The Eastern Cape hinterlands spreadout before me

I made Grahamstown, my first stop, in good enough time and my course wasn’t too bad. On my initial flyover of the aerodrome I selected the wrong runway for my unmanned joining procedure, what this mumbo jumbo means there’s no-one on the ground to help you land, you fly a certain pattern while announcing on the radio to the entire aerodrome flying area what your intentions are. So I got my first one wrong as I misread the wind sock as I was jiggled about the cockpit like a stripper’s tits on singles night.

 

Arriving over Grahamstown

The second time around I got it right and lined myself up for my approach into one of the grass runways.

Then I noticed it. Small black dots on the runway, “Hmmm too small to be the game or animals that might be present” I thought to myself. Turns out the dots where a flock of Hadada Ibises know locally as Hadeedahs for their calls of haa-de-dah. I called them holyshitfucks as they took off right into my flight path. The thought of one or more of these sonabitches striking my plane was not a comforting idea. You see this would have turned my plane into more or less a rather pretty with rock with burgundy accents.

 

Grahamstown slipping away beneath me…

So I did a go around and decided to try my luck at a touch and go at Fort Beaufort, my second destination on my three leg tour of the Eastern Cape. I got my clearances from ATC (Air Traffic Control) got on my heading and relaxed for my trip further inland. Total time for this leg, 27 minutes. About 15 minutes into it I realize that I have a massive piss brewing. Oh no what will our hero do?? The Final leg back to PE is supposed to be 77 minutes in length!

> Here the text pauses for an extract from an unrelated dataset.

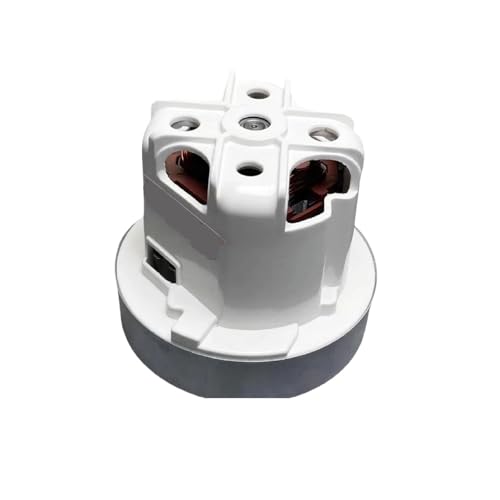 Ersatzmotor For Staubsauger, Kompatibel Mit Philips FC8760 FC8766 FC9911 FC9912 FC5828 FC5830 FC5988, Ersatz For Staubsaugerzubehör(800W) von HVVEPRZPO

Well I’ll just stop at Fort Beaufort! YAY! The day is sav…hmmm you know I haven’t heard from ATC for a bit. No chatter nothing.

Weird.

Try calling them and I get zilch. PANIC!!! Is the radio out!? Ok stay calm. I have Fort Beaufort in sight I make a blind call and come into land on a nice but bump grass strip.

After 5 frantic minutes I get through to ATC in Cape Town and let them know I’m safe on the ground and they don’t have to send out a search and rescue team for a second time this week (not me, sadly the glider pilot died in the crash). I get my clearances and transponder “squawk” (my plane’s in-flight “ID” number). Now for some other business.

 

ZS-PAY on the ground in Fort Beaufort

TIME TO PEE! I conduct myself in a thoroughly professional manner by peeing on the side of the runway, look I’m the only soul for about 40 square kilometers, that’s a whole lot or little for you mile users so I don’t have to me modest.

Then my zip gets stuck.

 

Yours trully with his stuck zip, yes its gusting like fuck.

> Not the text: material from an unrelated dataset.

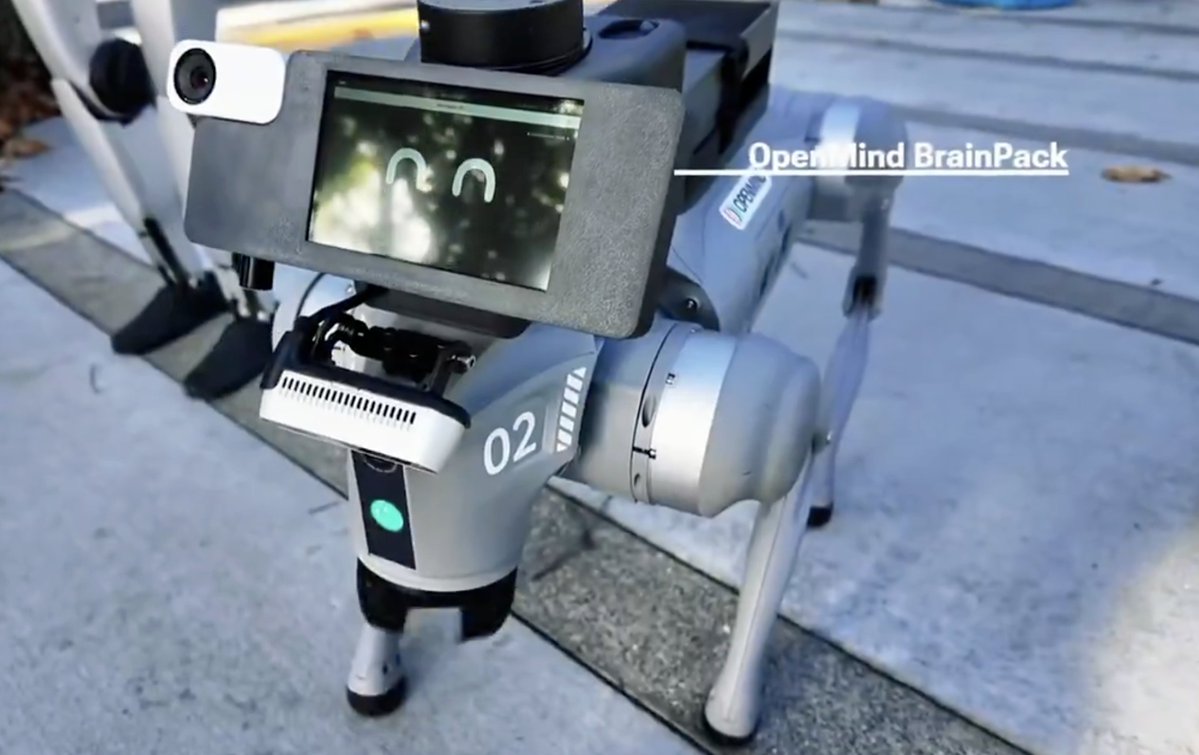 Web300fa's tweet image. 牛逼了， @openmind_agi CTO @boyuan 发布一条两分多钟的视频：“我们的新定位算法，效果已经超过行业主流方案。关键是：不需要预设起点，开机就能定位。”

过去十年，我们被市场声音洗脑，以为“定位”就得领着机器人走一遍、再建图、再存图、再对齐。…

Now I’m behind schedule and my winkie might just pop out if I’m not careful…at least I didn’t go commando that day! Ah I’m flying alone so fuckit. I hope in do all my start up and engine run-ups. And finally fling my little plane down the runway and back into the wild blue wonder! Only to find that I still have no communications with ATC, ok I fault find while climbing to altitude. After about 10 minutes I get to 4500ft and regain communications. I breathe a sigh of relief which is short lived as it begins to dawn on me that while I was messing with my comms I have not been checking my heading, drift and other vital navigational things. PANIC!!! MY GOD I’M LOST! The last thing I want to do is broadcast this to the entire Eastern Cape so that ATC can give me a location fix. After a few brief moments where I was convinced I was having a mild stroke I regained my calm. I go back to the map I reset the directional indicator to the compass. I’m not lost!!

 

 

 

YAY!!!

 

I’ve been flying the right track all along, only I have a massive tail wind so my first position checkpoint that was supposed to take 20 minutes to get to took 10. I regain my position on my map and flew the rest of the way in.

 

The sweep of Algoa Bay, trully a sweet sight!

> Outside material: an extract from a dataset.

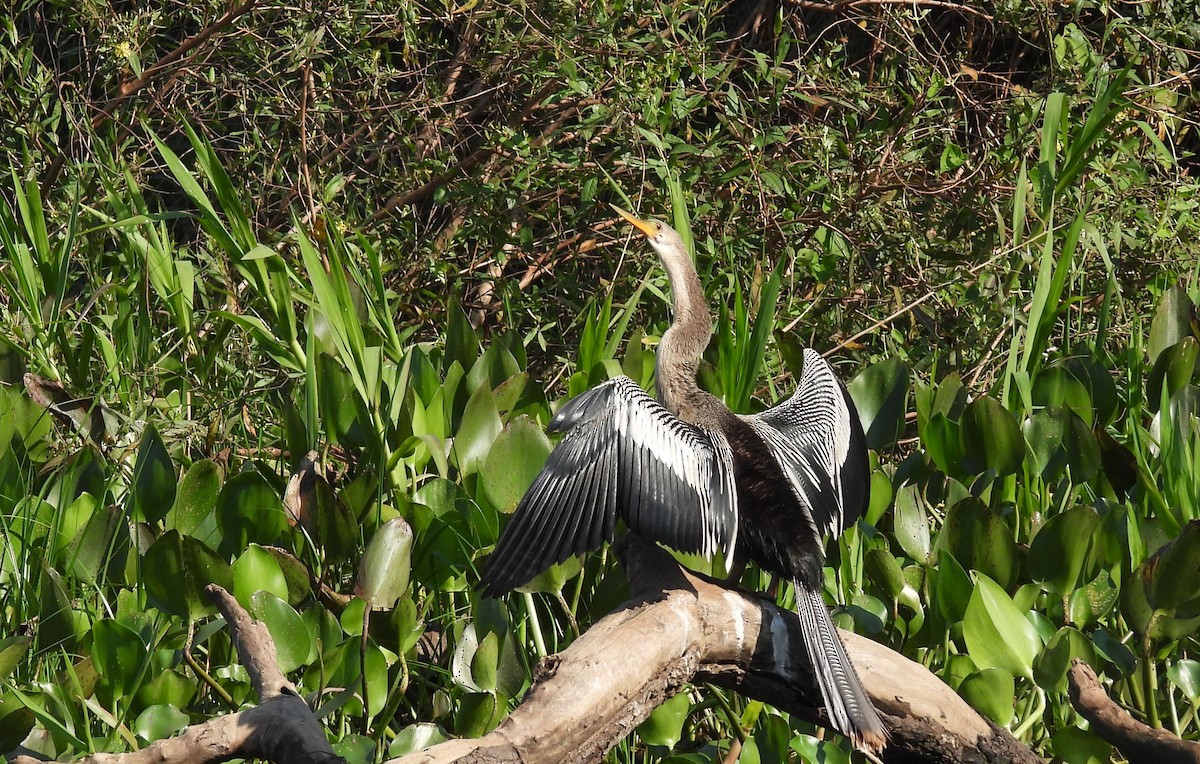 Amerika-Schlangenhalsvogel - ML623358889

Once back in PE airspace I had to hold for 15 minutes as the local ATC brought in jet traffic. Heaven help me if I make a businessman late!!!

 

Circiling over the Swartkops river

I landed back in Port Elizabeth 3 hours later. I had 1 hour of fuel left in my tanks. By law if I had flown another 15 minutes I would have had to declare an emergency. But by God I had made it. I have crossed the Rubicon.